Moreover, multivariable regression analysis indicated that first-line mastectomy, reoperation, and overall mastectomy were driven by patient-specific imaging and pathology features rather than by the indication for the MRI examination. These findings hint that overtreatment concerns might be less pronounced than what could be surmised by the experience of MRI screening in high-risk populations—that naturally carry a strong multi-layered propensity towards surgery [35]—or by the experience with preoperative MRI, solely performed on CNB/VAB-proven cancers. Indeed, the D-MRI subgroup has a far more “neutral” purpose behind MRI referral, while the S-MRI and P-MRI subgroups are affected by referral biases that—albeit different—ultimately drive surgical planning towards mastectomy. These biases are supported by patient-based, imaging-based, and biopsy-based characteristics that, respectively, characterise the S-MRI and P-MRI subgroups in comparison to the noMRI and D-MRI subgroups. For example, while the use of MRI in the S-MRI subgroup could be still considered a “diagnostic” one, as in the D-MRI subgroup, data from Tables E1, E2, and E3 highlight how factors such as age and familial or personal genetically proven increased risk of breast cancer characterise this subgroup and constitute an a priori referral bias towards mastectomy.
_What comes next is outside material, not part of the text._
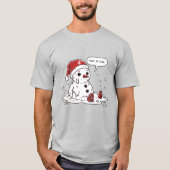 Das ist der feine Melting Snowman T-Shirt (Vorderseite)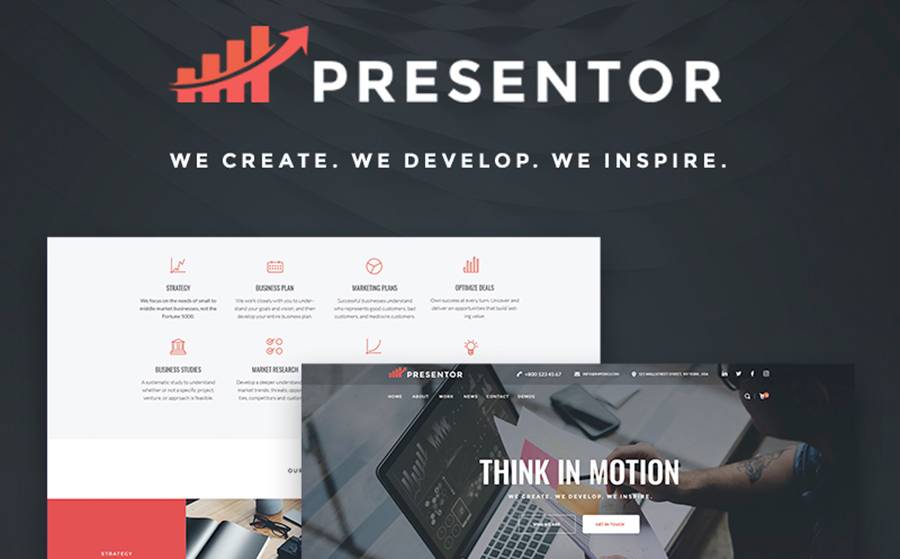Presentor - Business WordPress Theme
Evidence from follow-up and secondary analyses of breast MRI screening trials outside the high-risk setting will therefore be crucial to better define these issues, also acknowledging that the panorama of contrast-enhanced breast imaging saw an extension towards contrast-enhanced mammography [36], which has already received a conditional recommendation from the European Commission Initiative on Breast Cancer to substitute MRI in the preoperative setting [37], even before the completion of specific randomised trials [38]. Conversely, the P-MRI subgroups carry an a posteriori referral bias, supported by several characteristics that only emerge when the diagnostic pathway has already begun, i.e. imaging-based and biopsy-based features such as larger maximal lesion diameters and higher rates of multifocal or multicentric presentation at conventional imaging, and the presence of lobular component at CNB/VAB.

Limitations of this work and of the MIPA study itself chiefly reside in its non-randomised and observational design and in the impossibility of conducting a thorough evaluation of factors that affect surgical decision-making, such as individual surgeon experience and choice, access to advanced reconstruction techniques, or patient-specific and institutional factors. Furthermore, considering the 2013–2018 enrolment timeframe, the potential intervening effect of three factors that emerged in the last decade must be acknowledged: first, the technical and clinical improvements of breast MRI; second, the expanded role of MRI compared to the guidelines issued at the beginning of the 2010s [19]; third, the widespread adoption of digital breast tomosynthesis. These factors could have mitigated the imbalance between subgroups.

In conclusion, this subgroup analysis of the MIPA study confirmed that in all patients, rather than the different reasons for an MRI referral, many other factors drove surgical planning, including demographic, conventional imaging, and pathologic features. Patients with MRI performed before CNB/VAB for screening or diagnostic purposes had different characteristics and surgical outcomes compared to both the noMRI subgroup and the P-MRI subgroup. Patients from the D-MRI subgroup had the lowest overall mastectomy rate (24.1%) among MRI subgroups and the lowest absolute reoperation rate (8.2%) together with the P-MRI subgroup (8.5%). This analysis offers an insight into how the initial indication for the MRI affects the subsequent influence on surgical treatment of breast cancer.